During a 7.9-billion kilometre journey that includes 15 trips around the Sun, MESSENGER will fly past Earth once, Venus twice and Mercury three times before easing into orbit around its target planet. The upcoming Earth flyby and the Venus flybys, in October 2006 and June 2007, will use the pull of the planets' gravity to guide MESSENGER toward Mercury's orbit. The Mercury flybys in January 2008, October 2008 and September 2009 help MESSENGER match the planet's speed and location for an orbit insertion manoeuvre in March 2011. The flybys also allow the spacecraft to gather data critical to planning a yearlong orbit phase.
MESSENGER, short for MErcury Surface, Space ENvironment, GEochemistry, and Ranging, is the seventh mission in NASA's Discovery Program of lower cost, scientifically focused exploration projects. Dr. Sean C. Solomon, of the Carnegie Institution of Washington, leads the mission as principal investigator. APL manages the mission for NASA, built MESSENGER and operates the spacecraft.

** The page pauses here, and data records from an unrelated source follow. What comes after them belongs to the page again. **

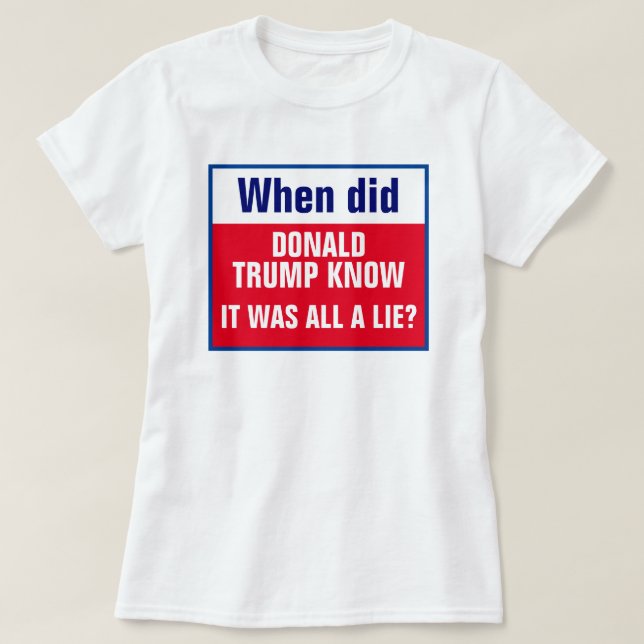 When did Trump know it was a lie T-Shirt (Design Front)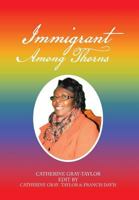 Immigrant Among Thorns: A Journey of Motivation Through Poverty, Struggles and Rejections 1479795526 Book Cover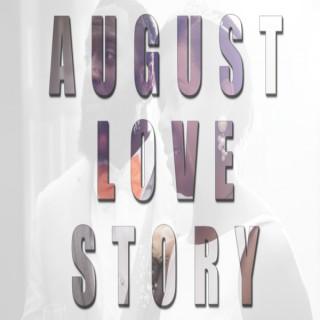 August Love Story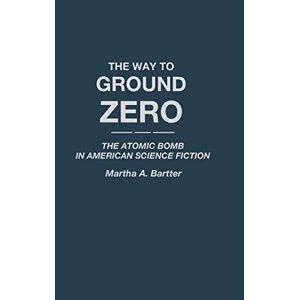 Bartter, Martha A. - The Way to Ground Zero: The Atomic Bomb in American Science Fiction (Contributions to the Study of Science Fiction & Fantasy)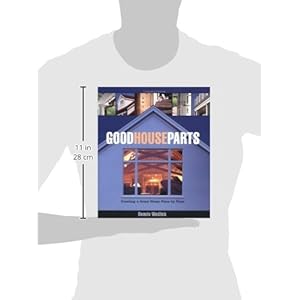 Good House Parts: Creating a Great Home Piece by Piece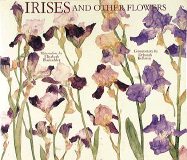 Irises and Other Flowers - Backadder, Elizabeth, and Blackadder, Elizabeth, and Kellaway, Deborah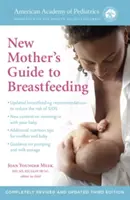 The American Academy of Pediatrics New Mother's Guide to Breastfeeding (Revised Edition): Vollständig überarbeitete und aktualisierte dritte Auflage - The American Academy of Pediatrics New Mother's Guide to Breastfeeding (Revised Edition): Completely Revised and Updated Third Edition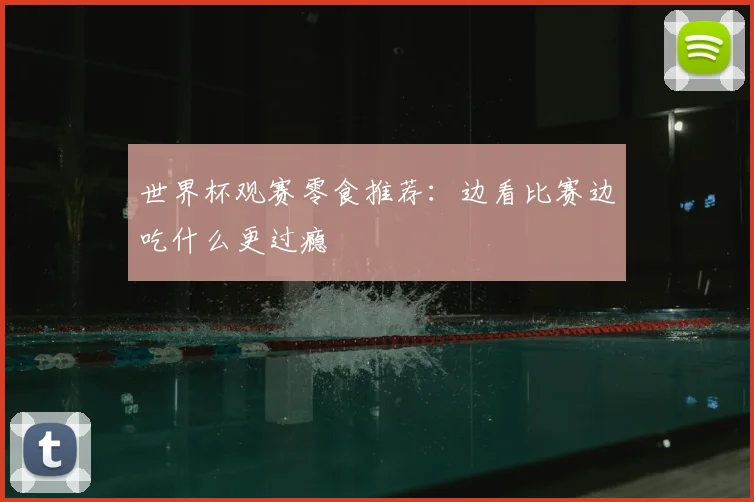 世界杯观赛零食推荐：边看比赛边吃什么更过瘾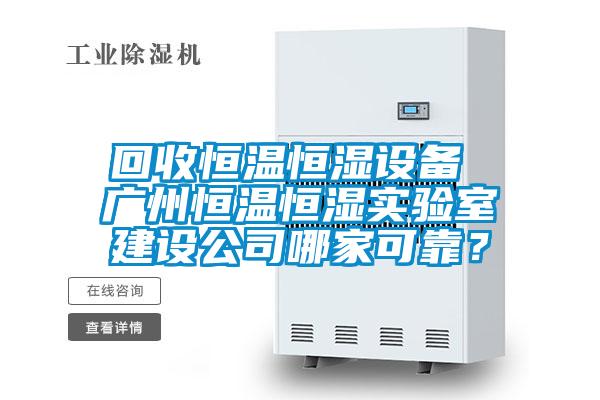 回收恒溫恒濕設備 廣州恒溫恒濕實驗室建設公司哪家可靠?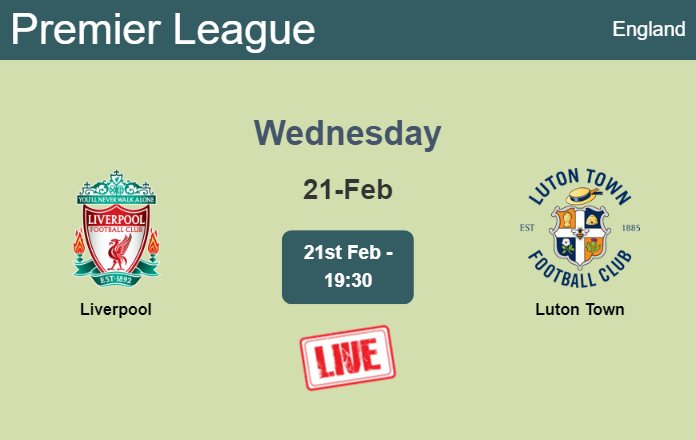 How to watch Liverpool vs. Luton Town on live stream and at what time
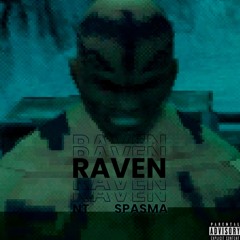 NT & SPASMA - RAVEN (FREE)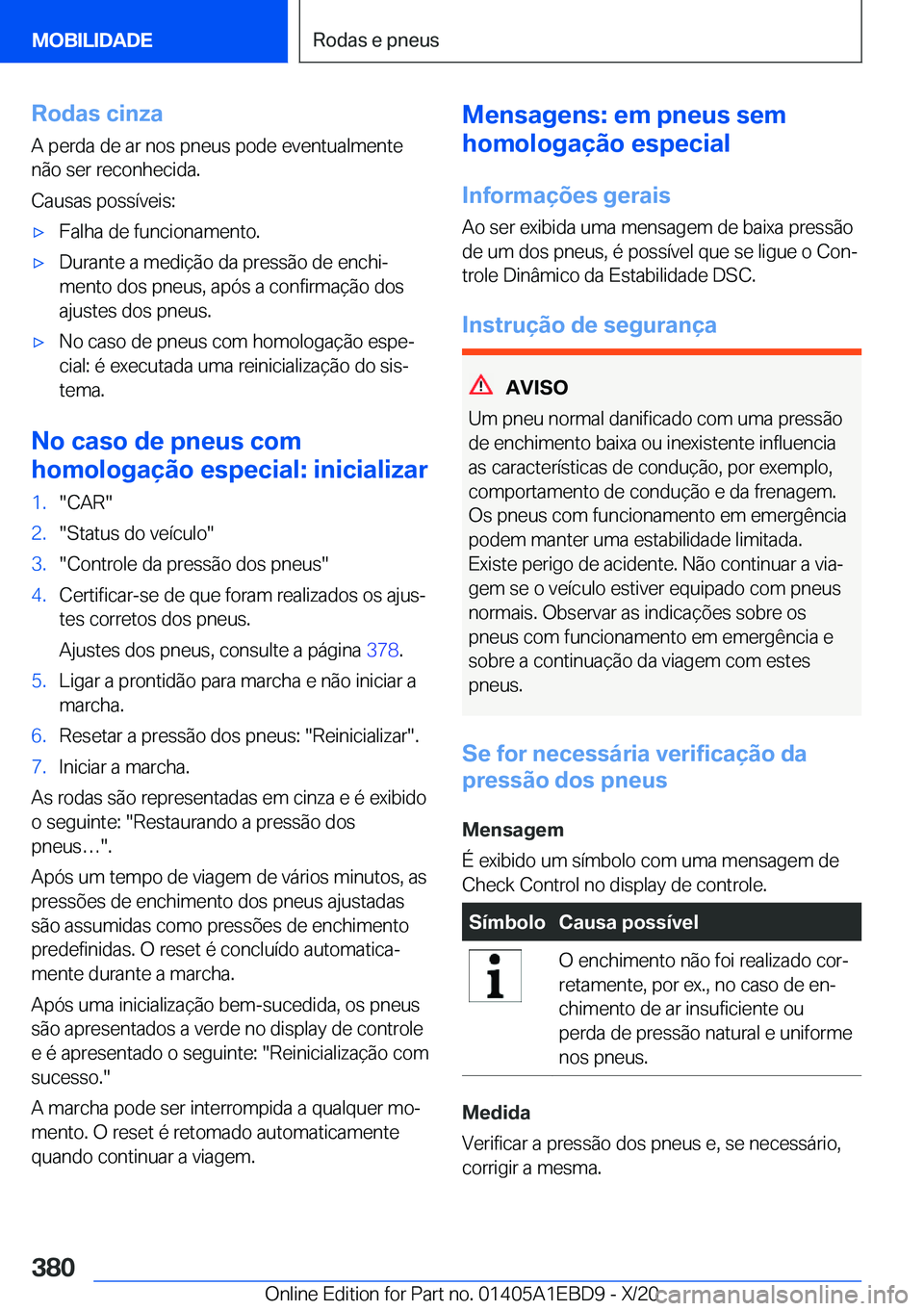BMW 3 SERIES 2021  Manual do condutor (in Portuguese) �R�o�d�a�s��c�i�n�z�a
�A��p�e�r�d�a��d�e��a�r��n�o�s��p�n�e�u�s��p�o�d�e��e�v�e�n�t�u�a�l�m�e�n�t�e
�n�ã�o��s�e�r��r�e�c�o�n�h�e�c�i�d�a�.
�C�a�u�s�a�s��p�o�s�s�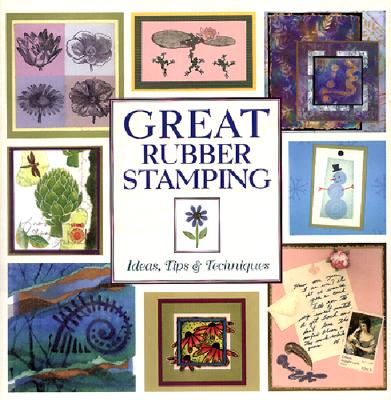 Great Rubber Stamping: Ideas, Tips and Techniques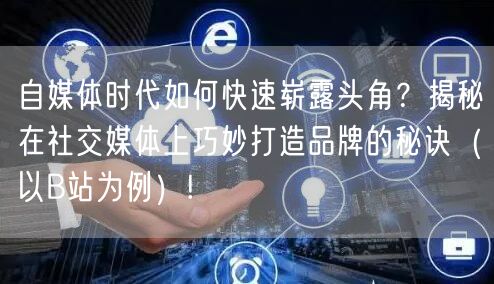 自媒体时代如何快速崭露头角？揭秘在社交媒体上巧妙打造品牌的秘诀（以B站为例）!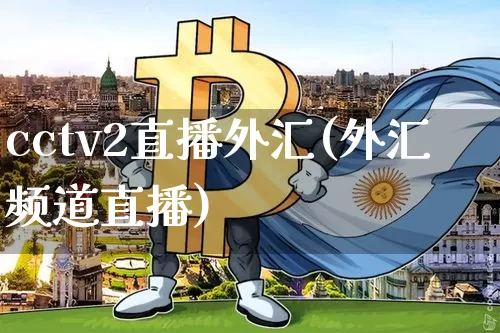 cctv2直播外汇(外汇频道直播)_https://www.lclxwz.com_郑商所_第1张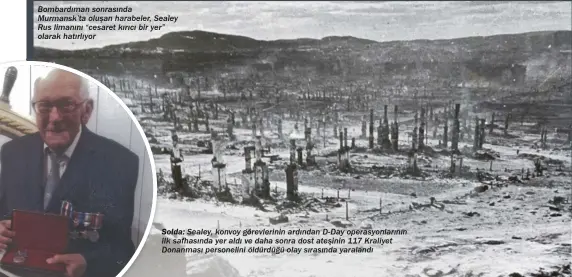  ?? ?? Bombardıma­n sonrasında Murmansk’ta oluşan harabeler, Sealey Rus limanını “cesaret kırıcı bir yer” olarak hatırlıyor
Solda: Sealey, konvoy görevlerin­in ardından D-Day operasyonl­arının ilk safhasında yer aldı ve daha sonra dost ateşinin 117 Kraliyet Donanması personelin­i öldürdüğü olay sırasında yaralandı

Taken May 11, 2005, this processed image comes from the narrow-angle camera of the Mercury Dual Imaging System, or MDIS, on NASA’s MESSENGER spacecraft. Earth was about 29.6 million kilometres from MESSENGER at the time, but the image clearly shows bands of clouds between North and South America on Earth’s sunlit side. The photo has been cropped from the full MDIS image size of 1024 by 1024 pixels, and the contrast adjusted to bring out the Moon in the same frame.
The Moon was 400,563 kilometres from Earth at the time of the image. The photo session was just part of the preparations for MESSENGER’s gravity assist flyby of Earth on Aug. 2 – the first major adjustment to MESSENGER’s flight path toward Mercury. MESSENGER was launched on Aug. 3, 2004; after the Earth flyby, two flybys of Venus and three of Mercury, it will begin an unprecedented, yearlong science orbit around the innermost planet in March 2011.